◆ TASK DESCRIPTION
With pictures excluded, copy word for word the lines in the data below from the line containing "Gioco PS4 /" through the line containing "Used 2022 BMW X5 sDrive40i RWD image 10".

◆ TASK MATERIAL

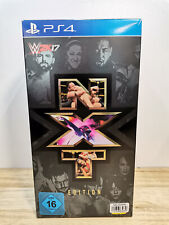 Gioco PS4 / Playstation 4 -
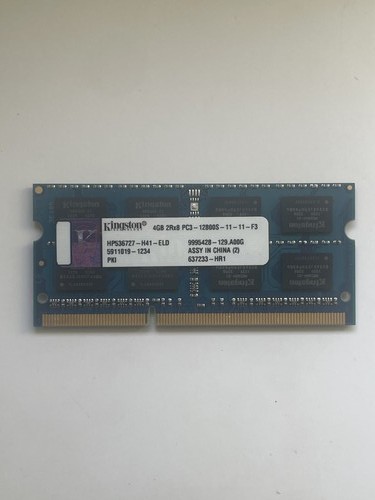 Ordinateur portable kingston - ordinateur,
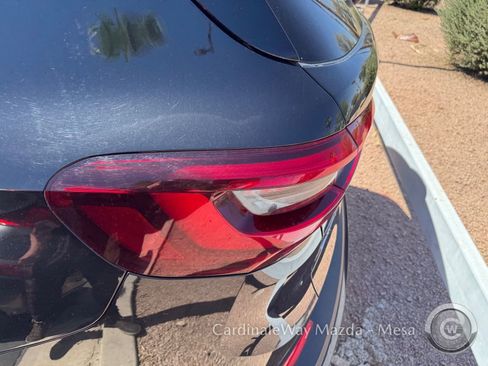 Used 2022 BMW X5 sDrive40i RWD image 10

* * *

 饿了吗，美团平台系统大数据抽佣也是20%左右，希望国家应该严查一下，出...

--

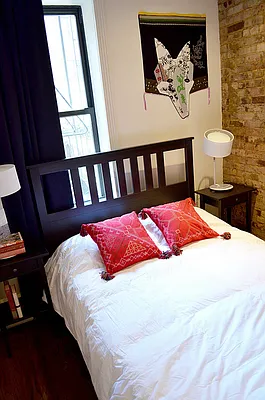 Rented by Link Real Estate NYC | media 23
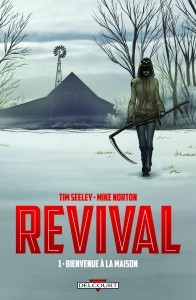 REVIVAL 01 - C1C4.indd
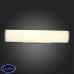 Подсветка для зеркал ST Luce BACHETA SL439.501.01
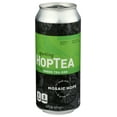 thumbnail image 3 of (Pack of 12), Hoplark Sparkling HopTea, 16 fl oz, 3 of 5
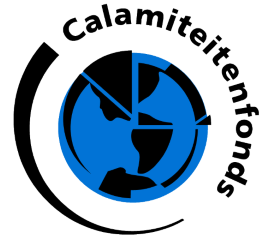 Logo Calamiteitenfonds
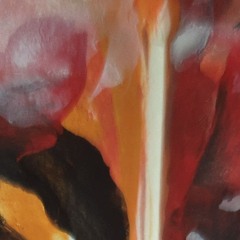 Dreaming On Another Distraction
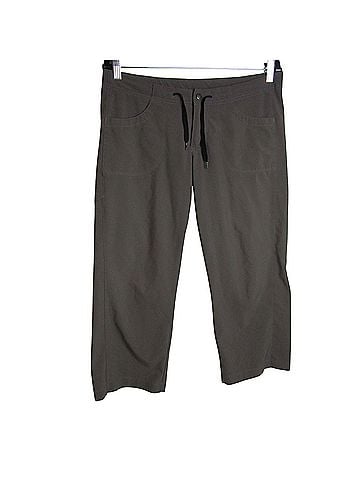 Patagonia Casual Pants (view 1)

◆ COMPLETED TASK
 Gioco PS4 / Playstation 4 -
 Ordinateur portable kingston - ordinateur,
 Used 2022 BMW X5 sDrive40i RWD image 10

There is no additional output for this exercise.